Una reflexión profunda sobre la vejez y sobre la vecindad de la muerte en la vida. Una historia bizarra y sobrecogedora que da pie a la mente del viejo triste Eguchi a naufragar en las aguas de su memoria. Las mujeres de su pasado, la muerte y la vida misma se le manifiestan mientras yace junto a jóvenes mujeres narcotizadas que conforman el séquito de la casa de las bellas durmientes.
“No era una muñeca viviente, pues no podía haber muñecas vivientes; pero, para que no se avergonzara de un viejo que ya no era hombre, había sido convertida en juguete viviente. No, un juguete, no: para los viejos podía ser la vida misma.”
La soledad y la tristeza pesada de los ancianos y la conjunta, y casi universal, idea de la vejez como etapa ineficaz, lastimera y vertida de fealdad que hace a una sociedad cruel excluirlos y llevarlos al punto de pagar por la compañía de mujeres dormidas (drogadas para no despertar por horas) con las cuales calentar una noche… los ancianos ya no son hombres, sino pertenecen a una nueva estirpe que se esconde en la negritud de la noche y se arropa con la sangre caliente de jóvenes que tienen que estar narcotizadas para poder convivir desde el silencio con esta especie en extinción, literalmente.

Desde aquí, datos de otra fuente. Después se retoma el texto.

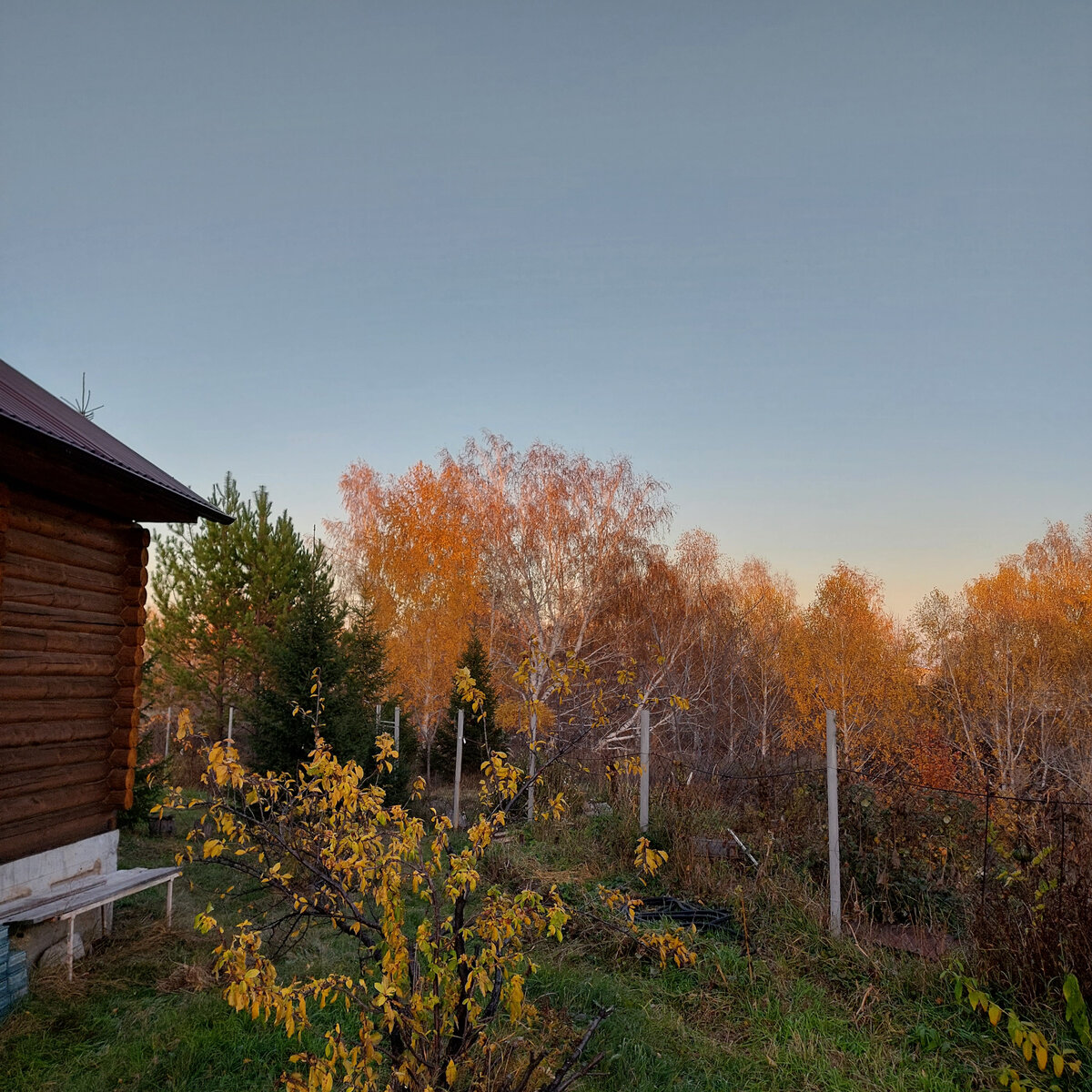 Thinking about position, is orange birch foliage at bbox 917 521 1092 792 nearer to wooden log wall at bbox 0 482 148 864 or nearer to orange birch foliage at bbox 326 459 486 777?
orange birch foliage at bbox 326 459 486 777

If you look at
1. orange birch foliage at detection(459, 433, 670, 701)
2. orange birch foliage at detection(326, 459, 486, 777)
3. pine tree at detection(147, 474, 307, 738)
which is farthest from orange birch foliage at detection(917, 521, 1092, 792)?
pine tree at detection(147, 474, 307, 738)

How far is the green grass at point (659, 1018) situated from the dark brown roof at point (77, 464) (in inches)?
134

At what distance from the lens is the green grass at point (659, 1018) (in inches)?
149

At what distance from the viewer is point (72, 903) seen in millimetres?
5086

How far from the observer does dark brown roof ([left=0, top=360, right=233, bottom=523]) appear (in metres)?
4.57

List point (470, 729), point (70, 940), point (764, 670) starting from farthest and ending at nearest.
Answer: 1. point (764, 670)
2. point (470, 729)
3. point (70, 940)

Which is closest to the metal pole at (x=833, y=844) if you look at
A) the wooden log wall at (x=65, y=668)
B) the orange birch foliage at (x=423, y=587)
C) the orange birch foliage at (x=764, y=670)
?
the wooden log wall at (x=65, y=668)

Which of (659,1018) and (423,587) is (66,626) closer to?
(659,1018)

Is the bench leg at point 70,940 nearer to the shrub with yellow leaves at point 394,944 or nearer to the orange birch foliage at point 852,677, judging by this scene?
the shrub with yellow leaves at point 394,944

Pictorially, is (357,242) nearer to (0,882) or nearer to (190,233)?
(190,233)

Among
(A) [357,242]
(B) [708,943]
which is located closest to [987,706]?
(B) [708,943]

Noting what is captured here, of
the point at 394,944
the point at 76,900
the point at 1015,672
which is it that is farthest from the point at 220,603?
the point at 1015,672

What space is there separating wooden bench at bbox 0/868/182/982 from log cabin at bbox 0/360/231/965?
0.50 feet

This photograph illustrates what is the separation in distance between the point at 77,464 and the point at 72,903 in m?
3.07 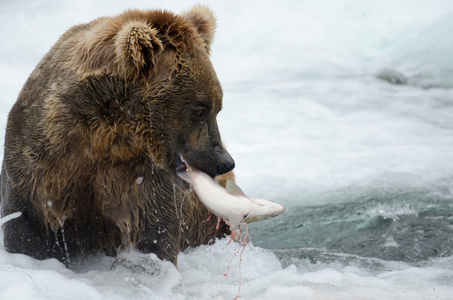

Novela sencilla y breve pero lo suficientemente compleja como para ser recordada. Al final la muerte, yace a los pies de todos: ancianos y jóvenes.
Dice Yukio Mishima: “Las técnicas habituales de diálogo y descripción de personajes son inútiles en La casa de las bellas durmientes porque las muchachas están dormidas. Debe ser muy raro en la literatura comunicar una sensación tan viva de vida individual mediante descripciones de figuras dormidas”.